Outra obra brasileira que merece destaque é o documentário em curta-metragem Rio de Lama, produzido pela Academia de Filmes, Maria Farinha Filmes e Beenoculus, lançado no último mês de abril. Dirigido por Tadeu Jungle, o filme mostra as consequências do desastre humano e ambiental de Mariana, em Minas Gerais, onde o rompimento de barreiras da Samarco – joint venture formada pela sociedade entre a Vale e a BHP Billiton – causou mortes de pessoas e animais, vítimas desaparecidas, feridas e desabrigadas, além de 660 quilômetros de rios e córregos poluídos pela lama.

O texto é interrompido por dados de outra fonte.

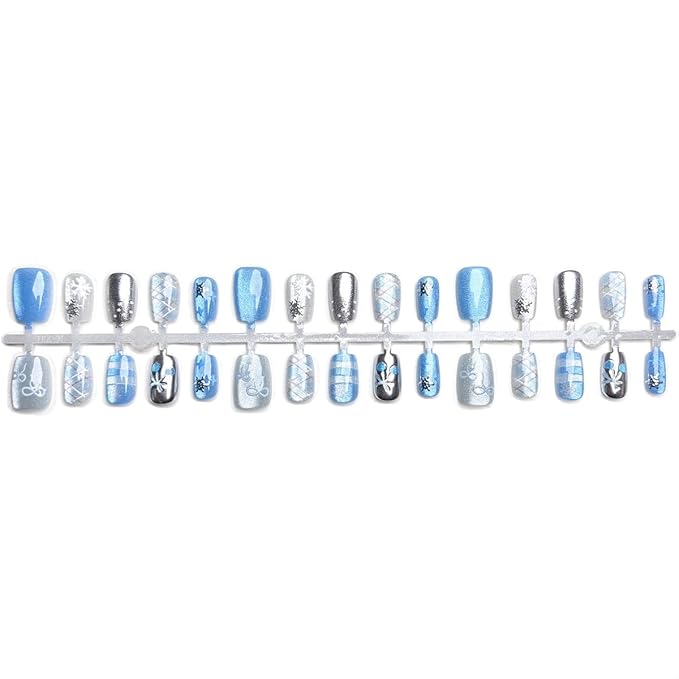 Blue Snowflake Press on Nails Short Fake Nails Square Glitter False Nail with Bow Cherry Checkered Designs Silver Acrylic Artificial Nails Full Cover Winter Snowflake Glue on Nails for Women, 30Pcs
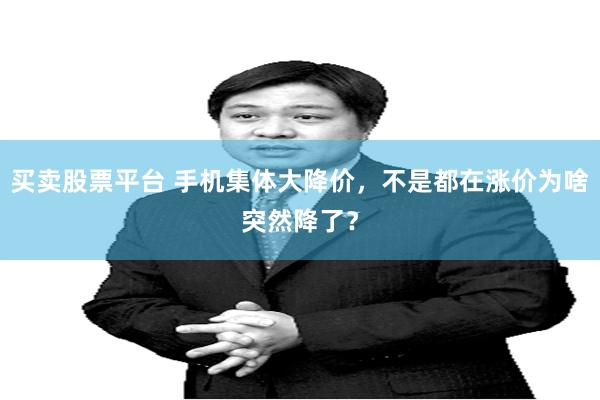 买卖股票平台 手机集体大降价，不是都在涨价为啥突然降了？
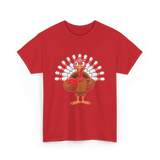 Thanksgiving Turkey Bowling Turkey T-Shirt - Red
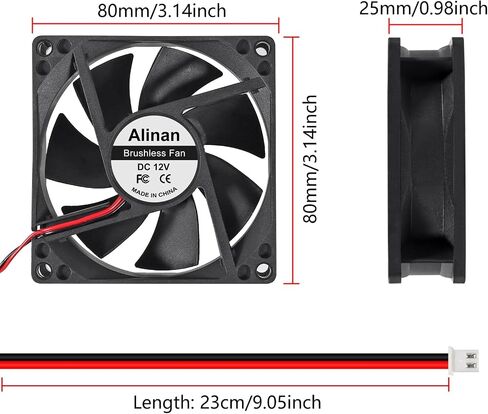 Alinan 4pcs 8025 80mm × 25 مم 5 فولت USB محامل الكرة المزدوجة معجب 2pin 2pin مروحة عادم التبريد للبرداف المبرد DIY تنفيس تنفيس العادم in Kuwait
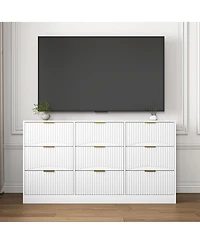 flynama Large 9 Drawer Dresser 63-Inch-Wide Wood with Handles for Bedroom Storage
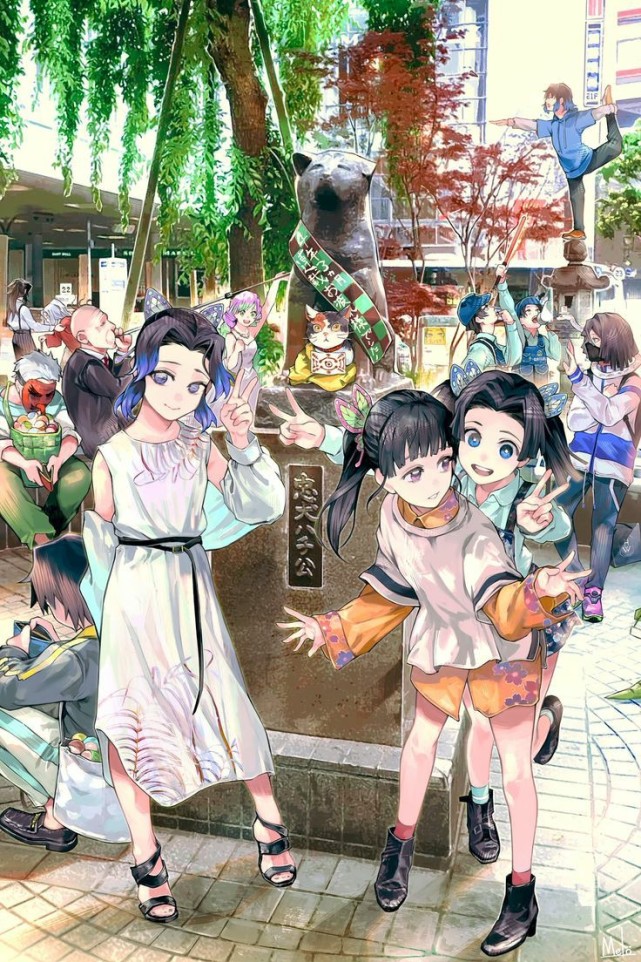 鬼灭之刃全员来到现代图片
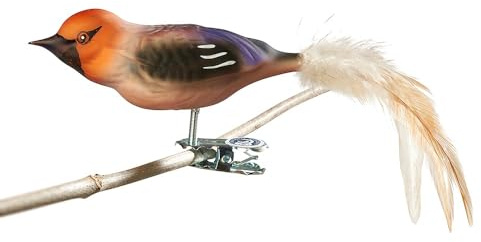 Birds of Glass® Glas-Vogel, Kernbeißer mit Naturfeder | Glasschmuck Made in Germany aus eigener Herstellung | deko Vogel mit Clip, Glasvogel, echter Lauschaer Christbaumschmuck, für Innenbereich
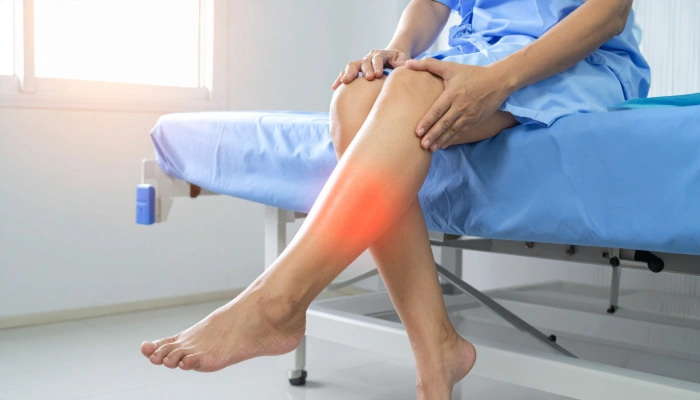 A patient sitting on an exam table with mild leg swelling.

Segundo Jungle, a ideia de utilizar a nova tecnologia para gravar um trabalho como esse é a possibilidade de colocar as pessoas dentro da dimensão real do desastre. “Eu vinha pesquisando realidade virtual desde o ano passado e acredito que seja uma nova maneira de narrar e tenho certeza que veio para ficar. Não vai acabar com nada, nem com o cinema e nem outra fonte de entretenimento, mas traz uma nova arte de contar histórias”, diz. Quando aconteceu isso em Mariana, depois de observar muito a RV, pensei que esse era o lugar onde eu tinha de levar as pessoas. Uma experiência como essa ajuda a não esquecer. É um documentário ativista”, complementa.

Para o diretor, outras áreas como o jornalismo e a educação têm tudo para se beneficiar da realidade virtual. “Imagina noticiar uma passeata e colocar o espectador dentro do momento conturbado de um país ou passar um filme nesse formato para um aluno que está estudando história. Você coloca ele dentro da história que ele está estudando por dois minutos e ele nunca mais vai esquecer”, acredita Jungle, mostrando que, além dos consumidores e marcas, também há produtores de conteúdo bastante motivados.